Na gestão de políticas públicas, esses
elementos somam-se à emergência de novos temas na agenda governamental,
reforçando a necessidade de aprimorar as políticas de forma a incorporar
temáticas específicas, em alinhamentos com suas diversas estruturas setoriais.
Nesses
casos, é exigido que os órgãos governamentais considerem as múltiplas facetas
da realidade, possibilitando o atendimento a requisitos diversos ou a
consideração particular de fatores de vulnerabilidade de diferentes grupos
sociais.
É o caso da perspectiva ambiental ou das
demandas por igualdade de oportunidade de grupos historicamente em situação de
desigualdade, como mulheres, negros, pessoas com deficiência ou idosos.
No contexto das pessoas com deficiência, é
fácil verificar que a invisibilidade, discriminação e negação de direitos no
Brasil são fenômenos identificados em diversas circunstâncias da vida em
sociedade, verificados, por exemplo, no mercado de trabalho, no acesso ao
sistema educacional, no acesso aos serviços de saúde, entre outros.
Ao pensar a não equiparação de oportunidades
pelas pessoas com deficiência como um problema multidimensional que possui seus
traços em diversas áreas de políticas públicas, surge o questionamento sobre
onde e como deve ser tratado tal tema na estrutura da gestão governamental.

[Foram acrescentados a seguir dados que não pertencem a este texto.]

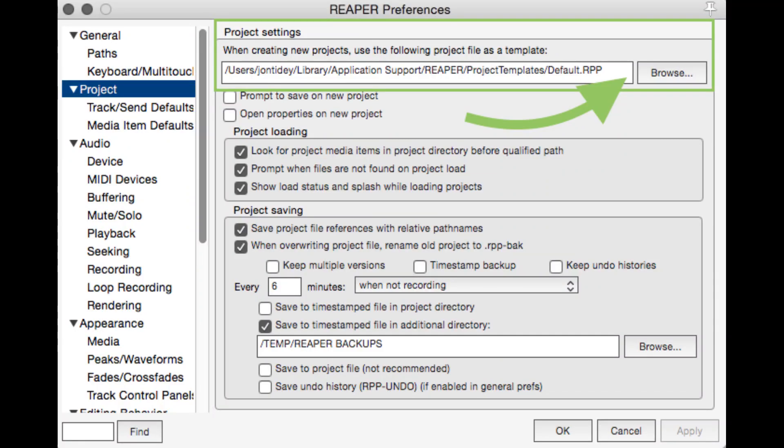Yeah, you can set this up in a default template. Just open up a project, add some tracks, and get things set up the way that you like to start a project. Once you get that set up the way you like, save it as a project template and open up the preferences. There's an option there to save that as your default starting point, so every time you make a new project or open up Reaper for the first time, it's going to start with those settings.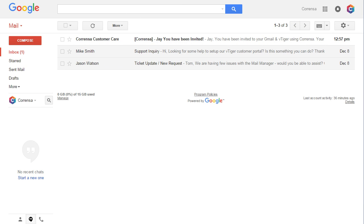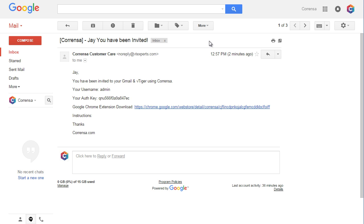When the system admin invites you to use the Corenza extension, you will receive an email with the username, key, and the link to install the extension.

Por exemplo, a inclusão de uma pessoa com
deficiência no mercado de trabalho depende dos acessos e apoios encontrados
desde a infância no ambiente educacional, retaguardas sociais, atenção à saúde
adequada, bem como acesso ao ensino técnico e superior, acessibilidade no
trajeto casa-trabalho e no próprio ambiente em que exerce as funções.
O problema que se apresenta, e que por isso se
transformou no tema Central da IV Conferência Nacional dos Direitos das Pessoas
com Deficiência, é o de que, embora seja crescente a referência à
transversalidade na literatura sobre políticas públicas, é limitado o número de
estudos que avançam para além do diagnóstico de sua necessidade ou que
aprofundem conceitualmente o que seria esta transversalidade.
Os aspectos elencados por diversas definições,
embora contidos no que se considera como uma abordagem transversal, não a
distingue de outras ações de desenho organizacional, como é o caso da estrutura
matricial, das redes interorganizacionais, coordenação horizontal, por exemplo.
A proposta que se coloca, então, é a de que, ao
abordar a perspectiva de gênero, por exemplo, se elabore uma matriz que permita
orientar uma nova visão de competências envolvendo a responsabilização dos
agentes públicos, em processo que favoreça a integração e o aumento da eficácia
das políticas, incluindo a resignificação das atribuições de órgãos setoriais.
Isto diferenciaria a gestão transversal de outras
ferramentas organizacionais que buscam a sinergia e a articulação
interdepartamental ou interorganizacional.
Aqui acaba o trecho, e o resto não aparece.